# Bees throwing larvae out the front of the hive!



## handyman dave (May 13, 2009)

As I watched the hive yesterday I saw two different bees, at two different time, dragging larvae about their own body size, out of the hive and disposing of them in front of the hive on the ground. I have watched them dispose of other debris before but never this. :scratch:
Both larvae seemed fresh and appeared viable, one even seemed to move when I touched it.
Can anyone enlighten me on what they are doing and why?


----------



## tecumseh (Apr 26, 2005)

the two things that come to mind are 1) hygenic behavior or 2) starvation. hefting the hive should say yea or nay to 2).


----------



## handyman dave (May 13, 2009)

They have LOTS of honey and pollen as well as sugar syrup and are foraging actively. I see them bringing in pollen. There is plenty of brood in all stages of development and they seem happy. The hive is heavy so I do not think they are starving.

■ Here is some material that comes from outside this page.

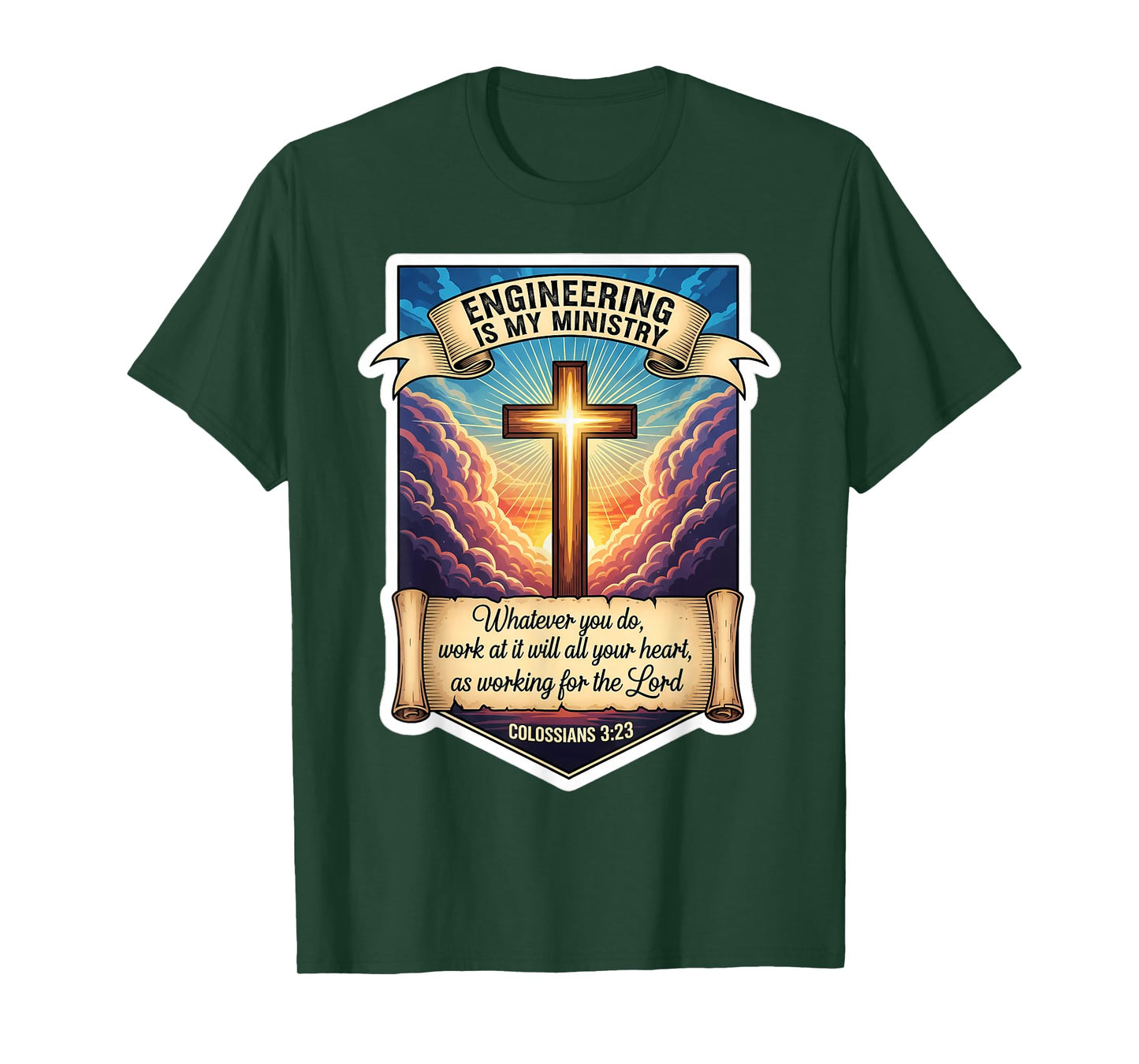 Christian Engineer Engineering is My Ministry Jesus Christ T-Shirt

So, that leaves hygenic behavior. I have not read of this behavior. Could these be larvae that have been infested with varroa? (The bees are Russian/Carnolian.) What else could cause the workers to decide these larvae are not good? 

I am reading everything I can get my hands on but obviously have a great deal more to learn. I appreciate any and all insight. It is obvious that there is a deep reservoir of knowledge here and I am glad folks are willing to share.
Thanks!


----------



## bk21701 (May 22, 2009)

I've had this happen before, actually it was an accident that I saw it. I had a few frames out and happened to look down and a larva had just fallen down to the screen. I saw a worker grab the larva and attempt to get it up to the brood nest and it just couldn't do it. So the worker pulled the larva right out to the edge and seeeeeee ya! I guess the bee figured if it couldn't get the larva back into the cell it was pointless. 

Again this was just my observation on what happened with my hive. If you had only 2 larva than it doesn't seem like a big deal.


----------



## G3farms (Jun 13, 2009)

I have seen them carry out larvae after doing an inspection, most likely I mashed some or tore open the cap.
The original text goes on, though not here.